- About this exercise -
The expected output is the line bearing "π· 2-in-1 Wine" followed by all remaining lines of the records, each restated word for word.

Start of Given records

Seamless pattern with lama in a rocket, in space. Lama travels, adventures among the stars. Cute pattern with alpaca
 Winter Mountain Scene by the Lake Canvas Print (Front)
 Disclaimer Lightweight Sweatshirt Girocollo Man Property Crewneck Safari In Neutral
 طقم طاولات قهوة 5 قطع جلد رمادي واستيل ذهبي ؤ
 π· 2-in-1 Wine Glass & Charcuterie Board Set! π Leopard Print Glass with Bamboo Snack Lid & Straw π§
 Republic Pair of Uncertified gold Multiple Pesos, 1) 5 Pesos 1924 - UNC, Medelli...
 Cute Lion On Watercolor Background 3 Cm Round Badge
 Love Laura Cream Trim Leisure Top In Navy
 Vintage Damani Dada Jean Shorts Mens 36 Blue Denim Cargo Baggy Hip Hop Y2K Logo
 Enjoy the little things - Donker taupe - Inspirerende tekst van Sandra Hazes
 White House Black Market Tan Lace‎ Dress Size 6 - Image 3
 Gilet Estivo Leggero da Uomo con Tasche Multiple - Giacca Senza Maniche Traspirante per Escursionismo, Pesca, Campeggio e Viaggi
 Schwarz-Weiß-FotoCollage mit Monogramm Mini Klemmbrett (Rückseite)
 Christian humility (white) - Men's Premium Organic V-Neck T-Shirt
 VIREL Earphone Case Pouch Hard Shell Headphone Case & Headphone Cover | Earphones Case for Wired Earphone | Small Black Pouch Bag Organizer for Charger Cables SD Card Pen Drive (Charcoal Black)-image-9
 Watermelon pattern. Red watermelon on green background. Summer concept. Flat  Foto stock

End of Given records

- Finished exercise -
 π· 2-in-1 Wine Glass & Charcuterie Board Set! π Leopard Print Glass with Bamboo Snack Lid & Straw π§
 Republic Pair of Uncertified gold Multiple Pesos, 1) 5 Pesos 1924 - UNC, Medelli...
 Cute Lion On Watercolor Background 3 Cm Round Badge
 Love Laura Cream Trim Leisure Top In Navy
 Vintage Damani Dada Jean Shorts Mens 36 Blue Denim Cargo Baggy Hip Hop Y2K Logo
 Enjoy the little things - Donker taupe - Inspirerende tekst van Sandra Hazes
 White House Black Market Tan Lace‎ Dress Size 6 - Image 3
 Gilet Estivo Leggero da Uomo con Tasche Multiple - Giacca Senza Maniche Traspirante per Escursionismo, Pesca, Campeggio e Viaggi
 Schwarz-Weiß-FotoCollage mit Monogramm Mini Klemmbrett (Rückseite)
 Christian humility (white) - Men's Premium Organic V-Neck T-Shirt
 VIREL Earphone Case Pouch Hard Shell Headphone Case & Headphone Cover | Earphones Case for Wired Earphone | Small Black Pouch Bag Organizer for Charger Cables SD Card Pen Drive (Charcoal Black)-image-9
 Watermelon pattern. Red watermelon on green background. Summer concept. Flat  Foto stock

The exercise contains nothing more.